Capuani S, Gili T, Bozzali M, Russo S, Porcari P, Cametti C, Muolo M, D'Amore E, Maraviglia B, Lazzarino G, Pastore F S
CNR-INFM SOFT, Department of Physics, Sapienza University of Rome, Piazzale Aldo Moro 2, Rome, Italy.
Appl Radiat Isot. 2009 Jul;67(7-8 Suppl):S34-6. doi: 10.1016/j.apradiso.2009.03.017. Epub 2009 Mar 26.
One of the main limitations for BNCT effectiveness is the insufficient intake of (10)B nuclei within tumour cells. This work was aimed at investigating the use of L-DOPA as enhancer for boronophenylalanine (BPA) uptake in the C6 glioma model. The investigation was first performed in vitro, and then extended in vivo to the animal model. BPA accumulation in C6 glioma cells was assessed, using radiowave dielectric spectroscopy (RDS), with and without L-DOPA preloading. C6 glioma cells were also implanted in the brain of 25 rats, randomly assigned to two experimental branches: (1) intra-carotid BPA infusion; (2) intra-carotid BPA infusion after pre-treatment with L-DOPA, administrated 24 h before BPA infusion. All animals were sacrificed, and assessment of BPA concentrations in tumour tissue, normal brain, and blood samples was performed using high performance liquid chromatography (HPLC). L-DOPA preloading induced a massive increase of BPA concentration either in vitro on C6 glioma cells or in vivo in the animal model tumour. Moreover, no significant difference was found in the normal brain and blood samples between the two animal groups. This study suggests the potential use of L-DOPA as enhancer for BPA accumulation in malignant gliomas eligible for BNCT.
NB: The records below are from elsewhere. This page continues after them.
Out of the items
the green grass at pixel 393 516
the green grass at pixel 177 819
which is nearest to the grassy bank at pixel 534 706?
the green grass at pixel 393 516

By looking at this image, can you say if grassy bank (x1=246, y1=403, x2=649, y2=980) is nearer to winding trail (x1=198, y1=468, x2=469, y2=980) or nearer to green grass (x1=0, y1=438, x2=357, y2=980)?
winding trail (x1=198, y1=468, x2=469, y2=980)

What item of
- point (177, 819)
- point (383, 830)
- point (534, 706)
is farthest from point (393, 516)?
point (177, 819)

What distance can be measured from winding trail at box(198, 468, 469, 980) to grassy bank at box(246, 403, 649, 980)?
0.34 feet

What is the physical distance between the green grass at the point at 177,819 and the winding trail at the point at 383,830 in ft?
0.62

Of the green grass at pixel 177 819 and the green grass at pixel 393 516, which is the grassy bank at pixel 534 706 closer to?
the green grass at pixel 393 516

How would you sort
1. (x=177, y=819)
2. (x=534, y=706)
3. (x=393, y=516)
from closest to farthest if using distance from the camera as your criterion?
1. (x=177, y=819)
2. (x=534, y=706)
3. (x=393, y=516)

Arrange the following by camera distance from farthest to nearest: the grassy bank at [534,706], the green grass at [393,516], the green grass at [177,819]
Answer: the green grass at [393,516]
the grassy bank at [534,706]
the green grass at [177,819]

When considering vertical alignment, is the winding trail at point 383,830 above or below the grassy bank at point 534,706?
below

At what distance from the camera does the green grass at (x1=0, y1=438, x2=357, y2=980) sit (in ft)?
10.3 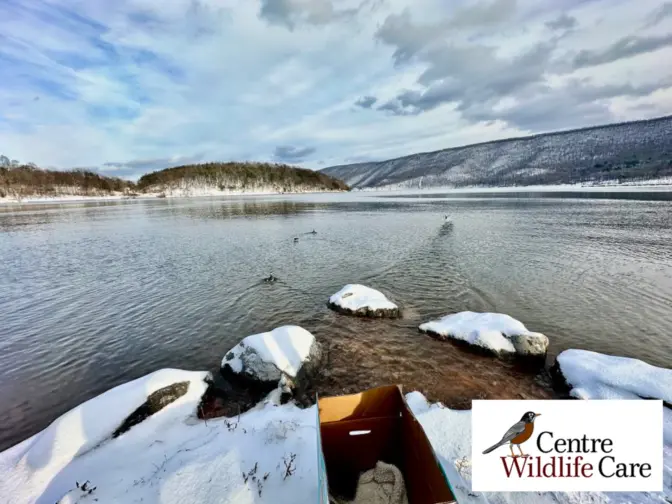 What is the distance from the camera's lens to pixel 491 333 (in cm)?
955

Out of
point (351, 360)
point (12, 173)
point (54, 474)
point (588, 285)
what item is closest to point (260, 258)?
point (351, 360)

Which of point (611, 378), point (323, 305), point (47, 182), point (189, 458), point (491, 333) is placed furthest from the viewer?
point (47, 182)

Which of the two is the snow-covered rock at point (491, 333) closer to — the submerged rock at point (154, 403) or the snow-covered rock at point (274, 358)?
the snow-covered rock at point (274, 358)

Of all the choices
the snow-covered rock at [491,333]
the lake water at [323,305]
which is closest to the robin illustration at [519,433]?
the lake water at [323,305]

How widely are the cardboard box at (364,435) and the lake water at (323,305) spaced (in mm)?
3278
硼中子俘获疗法(BNCT)有效性的主要限制之一是肿瘤细胞内(10)B核素摄取不足。本研究旨在探讨左旋多巴(L-DOPA)作为硼苯丙氨酸(BPA)摄取增强剂在C6胶质瘤模型中的应用。研究首先在体外进行,然后扩展到动物模型体内。使用无线电波介电谱(RDS)评估有无L-DOPA预加载情况下C6胶质瘤细胞中BPA的积累。将C6胶质瘤细胞植入25只大鼠的脑内,随机分为两个实验组:(1)颈动脉内注入BPA;(2)在注入BPA前24小时用L-DOPA预处理后颈动脉内注入BPA。处死所有动物,使用高效液相色谱法(HPLC)评估肿瘤组织、正常脑组织和血液样本中BPA的浓度。L-DOPA预加载在体外C6胶质瘤细胞或动物模型肿瘤体内均导致BPA浓度大幅增加。此外,两组动物的正常脑组织和血液样本中未发现显著差异。本研究表明L-DOPA有可能作为BPA在适合BNCT的恶性胶质瘤中积累的增强剂。